Stone That the Builder Refused - Madison Smartt Bell [159]
Zabeth emerged, tinkling a coffee tray. She laid out cups and a sugar bowl before the two white women. Elise watched absently as she withdrew, then looked down at the pool again. Duck and drake still circled each other, among the violet blooms of bwa dlo. Then Sophie and Paul and Robert came galloping up the steps, Sophie cradling a basket of speckled eggs, sprinkled over with curls of down and bits of straw. Pauline followed, more slowly, a step or two behind the others—she was old enough now to consider the impression she made when she walked.
“Look how many!” Sophie said. “Shall we have omelettes? Do let us, please.” The two boys pressed on either side of her basket.
“No need for such extravagance on a weekday,” Elise said, frowning at Sophie’s bare feet and tousled hair.

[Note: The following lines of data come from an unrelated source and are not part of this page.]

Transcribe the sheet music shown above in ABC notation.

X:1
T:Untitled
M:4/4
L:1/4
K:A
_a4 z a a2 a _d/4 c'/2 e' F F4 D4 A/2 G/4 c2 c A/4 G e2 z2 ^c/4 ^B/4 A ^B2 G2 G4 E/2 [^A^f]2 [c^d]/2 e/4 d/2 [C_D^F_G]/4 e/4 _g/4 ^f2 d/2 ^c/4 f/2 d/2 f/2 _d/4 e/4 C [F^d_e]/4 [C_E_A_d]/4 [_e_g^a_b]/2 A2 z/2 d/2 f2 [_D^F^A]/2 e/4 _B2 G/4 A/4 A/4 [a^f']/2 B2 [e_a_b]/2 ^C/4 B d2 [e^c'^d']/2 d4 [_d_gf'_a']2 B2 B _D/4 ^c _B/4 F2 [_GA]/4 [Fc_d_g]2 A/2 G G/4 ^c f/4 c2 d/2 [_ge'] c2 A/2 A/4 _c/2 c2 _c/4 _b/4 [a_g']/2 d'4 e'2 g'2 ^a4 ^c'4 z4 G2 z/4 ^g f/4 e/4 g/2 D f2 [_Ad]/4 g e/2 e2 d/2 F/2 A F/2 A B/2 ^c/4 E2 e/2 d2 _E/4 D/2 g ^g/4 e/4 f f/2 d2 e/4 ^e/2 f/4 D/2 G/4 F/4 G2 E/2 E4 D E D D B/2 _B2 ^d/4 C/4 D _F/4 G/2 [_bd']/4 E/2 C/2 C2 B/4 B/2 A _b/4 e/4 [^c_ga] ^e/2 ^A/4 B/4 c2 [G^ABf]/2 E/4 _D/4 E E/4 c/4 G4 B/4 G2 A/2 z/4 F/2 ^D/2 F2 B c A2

“But there is company, Maman.”
“What?” Elise looked past the children. A group of charcoal sellers had arrived in the yard, leading donkeys loaded with bulging panniers coated with black silt. Behind them was a young black man afoot beside a woman who guided her donkey with a little stick. Elise blinked: it was Suzanne Louverture—with Isaac, whom she’d not recognized at first, for he had changed his dress uniform for a plain white shirt and loose canvas trousers.
Suzanne possessed a coach and team, but seldom used them for short journeys among the plantations and the bourg of Ennery. Within that area she preferred to travel in the style of a prosperous marchande, seated sideways on a fat, well-curried donkey, her forward knee hitched up, beneath her long skirt, on the roll of a finely woven straw saddle. She took her son’s hand now as she stepped down.

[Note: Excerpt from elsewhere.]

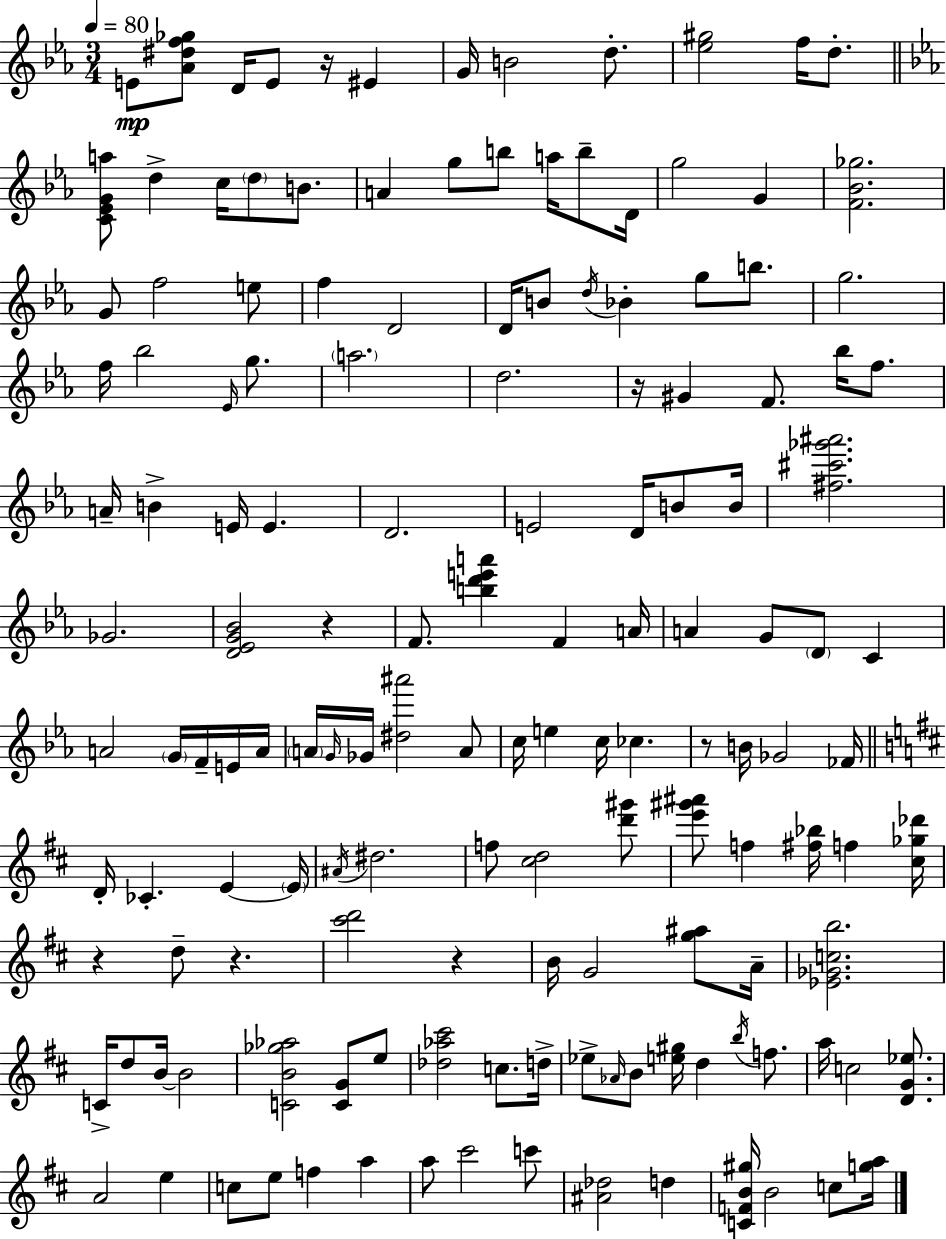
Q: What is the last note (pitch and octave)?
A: C5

“Madame Louverture.” Elise’s hand groped to close the throat of her peignoir. “Do please come up! You must excuse us . . .”
Suzanne caught up her skirt in one hand as she climbed the steps; the other still held the donkey stick, a peeled switch of a finger’s thickness and a little more than a foot long.
“You’ll breakfast with us,” Elise said. “Perhaps an omelette.” She turned to Sophie, who was suppressing a spasm of excitement. “Take those eggs to Merbillay. And comb your hair! and put on shoes.”
Automatically Pauline reached to take the eggs, but Sophie twisted away from her. The two girls bumped hips, giggling, then Sophie hurried into the house, the boys tagging after. Elise called Paul back to her. “Go and find Caco, quickly,” she said. “I have a task for him.”
“But he will be working in the coffee today,” Paul said.
“Tell them he is excused from the field.” Elise pointed over the gallery railing. “Tell him I want him to trap those two ducks.”
“Oui, ma tante,” Paul said, and clattered down the steps, breaking into a trot as he reached level ground.
Suzanne had come to the table’s edge. She wore a long blue skirt and a pale rose blouse, with a dark blue headcloth dotted with white. “I would not inconvenience you,” she said. “I will not stay so long.”
“Come, sit down.” Elise indicated a third wicker chair. “Zabeth! More coffee.” She looked about. “But where has Isaac gone?”
Zabeth had reappeared on the gallery, holding the white infant against her shoulder and balancing the black one on her hip. She slipped Mireille into Elise’s lap, and set Bibiane down on the boards of the floor. Mireille had just nursed; a bubble of milk formed on her lips. Elise caught the cloth from Zabeth’s shoulder as she turned away and wiped the baby’s mouth.
“A fine strong child you have, Madame,” Suzanne murmured. “How old is she?”
“Six months,” said Elise. “Or no, it is seven.” She could feel herself coloring at this confusion.
“The time goes quickly,” Suzanne said.